En métropole, les mineurs isolés sont protégés contre l’expulsion. A Mayotte, sitôt arrivé, ils sont rattachés d’office à un adulte - même inconnu - à bord du même navire. Aussitôt affiliés, ils sont rembarqués vers les Comores. Pour ceux qui restent, réfugiés ou Mahorais, tout manque : emploi, formations, transports publics, associations, stades… Bien des jeunes ne sont pas scolarisés. Les collèges et lycées sont sous-dimensionnés, les classes surchargées, sans matériel. Et la malnutrition empêche les enfants de se concentrer.

On ne parle pas français dans l'île, mais l'école se tient en français... pas enseigné. Il est interdit aux enseignants de parler leur langue avec les élèves. L'illettrisme explose, assorti d’un sentiment de mépris colonial : un vice recteur assimilait l'accent mahorais au « parler banlieue » et déclarait que le rythme de construction d'écoles ne pourrait jamais rattraper celui de « l'utérus des Mahoraises »...

Comme les jeunes de banlieue, les Mahorais sont français, mais se disent qu'ils n'auront jamais les mêmes chances que les autres. 

Bientôt des étrangers chez eux

90 % des villages sont à proximité du rivage. L’État a déclaré la zone inconstructible. Il a commencé par détruire les maisons, puis a décidé de vendre leur propre terre aux habitants. Trop pauvres pour acheter, il ne reste que le bidonville.

En même temps, la plupart des métropolitains résident dans des zones protégées, « le pays des Blancs », dans lesquelles on déconseille de sortir seuls le soir. Mais hormis le conseil général, ils dirigent la quasi-totalité de l'économie et de l'administration.

La secrétaire d'État chargée de l'Égalité réelle (sic!), Ericka Bareigts, a présenté le 13 avril un projet de loi en même temps que le député Victorin Lurel, une loi cadre. Mais cette « égalité réelle » là, conçue conjointement par le gouvernement et le patronat, vise à transformer Mayotte en « zone franche » sans taxes pour les patrons... et sans droits pour les salariés. Cela déclenche l'enthousiasme patronal car attachées à Mayotte, figurent les îles Éparses de l’océan Indien, une zone pétrolifère prometteuse. Ségolène Royal y a accordé l'autorisation d'exploitation des énergies fossiles... au moment de la COP21 et de la répression des écologistes.

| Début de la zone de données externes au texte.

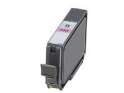 CARTUCHO COMPATIBLE Canon PGI9 Magenta Cartucho de Tinta Generico - Reemplaza 1036B001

Cependant, malgré cette situation coloniale, peu de Mahorais veulent être replacés sous l’autorité des Comores, encore plus misérables. Du coup, dans ce département musulman et à tradition matriarcale, le sentiment de classe l'emporte, au cœur même du combat pour « l'égalité réelle » avec la métropole. Leur lutte, un instant « suspendue », est loin d'être finie, et c'est la nôtre.